Cette nouvelle politique de restriction de l’immigration a un effet direct sur le nombre de demandes d’asiles qui augmente de façon spectaculaire en 2003, année qui suit la création de la nouvelle unité de police, pour atteindre le chiffre de 1390 demandes, c'est-à-dire quatre fois plus que l’année précédente. Dès 2004, ce chiffre commence à baisser légèrement passant à 922 demandes dans l’année, mais il reste encore largement supérieur aux chiffres d’avant 2002. Cette tendance semble se confirmer en 2005, année pour laquelle les chiffres disponibles ne concernent que les deux premiers mois (100 demandes d’asile pour ces deux mois), mais qui reportés sur un an ramène le nombre de demandes à  600, confirmant le mouvement de baisse légère.

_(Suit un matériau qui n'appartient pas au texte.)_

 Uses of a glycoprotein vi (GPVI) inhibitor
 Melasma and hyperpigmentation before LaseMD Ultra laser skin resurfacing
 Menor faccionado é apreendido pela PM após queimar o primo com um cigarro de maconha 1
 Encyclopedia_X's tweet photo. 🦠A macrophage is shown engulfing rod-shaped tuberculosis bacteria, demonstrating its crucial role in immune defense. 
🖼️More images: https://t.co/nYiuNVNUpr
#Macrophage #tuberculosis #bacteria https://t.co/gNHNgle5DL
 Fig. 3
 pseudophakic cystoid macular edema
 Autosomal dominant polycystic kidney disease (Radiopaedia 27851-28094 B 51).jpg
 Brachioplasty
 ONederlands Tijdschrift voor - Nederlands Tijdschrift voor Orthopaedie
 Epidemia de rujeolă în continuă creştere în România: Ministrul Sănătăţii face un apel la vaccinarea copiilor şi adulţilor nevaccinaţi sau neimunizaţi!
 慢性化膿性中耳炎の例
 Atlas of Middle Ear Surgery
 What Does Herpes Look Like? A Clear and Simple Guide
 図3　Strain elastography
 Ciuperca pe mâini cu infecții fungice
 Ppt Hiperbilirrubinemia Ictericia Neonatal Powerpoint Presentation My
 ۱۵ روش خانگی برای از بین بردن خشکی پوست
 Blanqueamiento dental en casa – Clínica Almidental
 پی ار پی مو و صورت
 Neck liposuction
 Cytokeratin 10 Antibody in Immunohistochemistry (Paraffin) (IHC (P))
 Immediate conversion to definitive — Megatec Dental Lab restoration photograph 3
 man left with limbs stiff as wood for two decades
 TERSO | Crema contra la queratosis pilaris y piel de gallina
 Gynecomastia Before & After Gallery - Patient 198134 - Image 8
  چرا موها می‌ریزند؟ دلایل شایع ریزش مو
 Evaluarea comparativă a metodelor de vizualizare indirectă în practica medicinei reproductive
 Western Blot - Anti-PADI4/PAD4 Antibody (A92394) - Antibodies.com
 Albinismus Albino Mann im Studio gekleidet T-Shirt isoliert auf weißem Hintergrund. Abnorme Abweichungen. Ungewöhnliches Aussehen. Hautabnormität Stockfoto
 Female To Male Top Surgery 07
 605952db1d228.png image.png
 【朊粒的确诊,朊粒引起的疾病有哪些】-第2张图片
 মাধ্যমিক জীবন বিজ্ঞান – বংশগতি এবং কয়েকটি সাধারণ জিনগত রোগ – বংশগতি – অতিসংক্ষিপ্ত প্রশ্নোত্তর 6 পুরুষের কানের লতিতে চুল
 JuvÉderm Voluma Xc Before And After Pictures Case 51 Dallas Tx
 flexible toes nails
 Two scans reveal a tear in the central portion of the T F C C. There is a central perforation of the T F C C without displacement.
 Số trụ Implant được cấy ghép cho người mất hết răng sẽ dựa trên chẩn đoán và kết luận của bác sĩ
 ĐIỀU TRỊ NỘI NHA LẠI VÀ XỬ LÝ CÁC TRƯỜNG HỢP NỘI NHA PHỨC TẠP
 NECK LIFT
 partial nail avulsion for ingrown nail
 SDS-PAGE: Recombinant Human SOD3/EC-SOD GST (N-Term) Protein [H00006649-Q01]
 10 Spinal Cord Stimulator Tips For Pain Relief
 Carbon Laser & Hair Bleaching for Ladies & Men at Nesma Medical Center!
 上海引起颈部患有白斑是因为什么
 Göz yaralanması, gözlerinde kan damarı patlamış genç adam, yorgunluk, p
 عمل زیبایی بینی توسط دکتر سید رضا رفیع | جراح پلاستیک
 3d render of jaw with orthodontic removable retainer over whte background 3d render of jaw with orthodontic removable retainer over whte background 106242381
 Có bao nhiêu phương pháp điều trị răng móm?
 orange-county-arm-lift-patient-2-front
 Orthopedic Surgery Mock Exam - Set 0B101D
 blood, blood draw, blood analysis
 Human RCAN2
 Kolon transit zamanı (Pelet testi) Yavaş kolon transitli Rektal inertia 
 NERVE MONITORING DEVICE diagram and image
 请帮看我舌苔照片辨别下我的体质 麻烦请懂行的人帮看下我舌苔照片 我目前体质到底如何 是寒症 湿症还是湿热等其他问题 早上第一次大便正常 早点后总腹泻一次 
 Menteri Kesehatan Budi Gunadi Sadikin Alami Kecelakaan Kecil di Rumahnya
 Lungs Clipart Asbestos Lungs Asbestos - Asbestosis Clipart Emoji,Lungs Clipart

L’augmentation de la demande d’asile en 2003, consécutive à une politique d’immigration restrictive, pour spectaculaire qu’elle soit, est peu étonnante. Plus surprenante est la baisse, même modérée, du nombre de ces demandes d’asile, un an à peine après cette augmentation spectaculaire. Plusieurs hypothèses sont susceptibles d’expliquer ce phénomène : La première est l’éventuel découragement que certains demandeurs d’asile aient pu éprouvés face aux échecs de leur compatriotes nombreux à avoir vu leur demande d’asile rejetée dès la première phase de la procédure. En effet, à la suite de l’augmentation spectaculaire des demandes d’asile et afin de dissuader les demandes abusives l’Etat d’Israël et le HCR ont rapidement mis en place une première sélection, appelée procédure courte, leur permettant de rejeter les demandes jugées manifestement infondées sans devoir remettre de documents autorisant un séjour le temps de l’instruction, à ceux qui les formulaient. La deuxième hypothèse est l’éventuel découragement que les demandeurs d’asile potentiels ont pu éprouver avant même d’être entré sur le territoire israélien. Une recherche plus poussée mériterait d’être dévolue à ce sujet, mais cette hypothèse si elle était vérifiée induirait que les demandeurs d’asile n’atteignent pas Israël au hasard de leur route vers l’Europe. La location géographique très spécifique de ce pays, entourée de frontières relativement fermées et surveillées, qui forment autant d’obstacles à l’entrée sur son territoire, constitue un élément supplémentaire tendant à souligner cette spécificité d’Israël dans les trajectoires migratoires du sud vers le nord. Ainsi, contrairement à beaucoup de pays d’Afrique et d’Asie qui sont souvent des étapes dans le trajet des demandeurs d’asile, comme des travailleurs migrants vers l’Europe, Israël constituerait une destination en soi, destination dont l’attrait semble s’être altéré ces trois dernières années du fait de la crise économique et de l’augmentation du nombre de contrôles de police et d’expulsions.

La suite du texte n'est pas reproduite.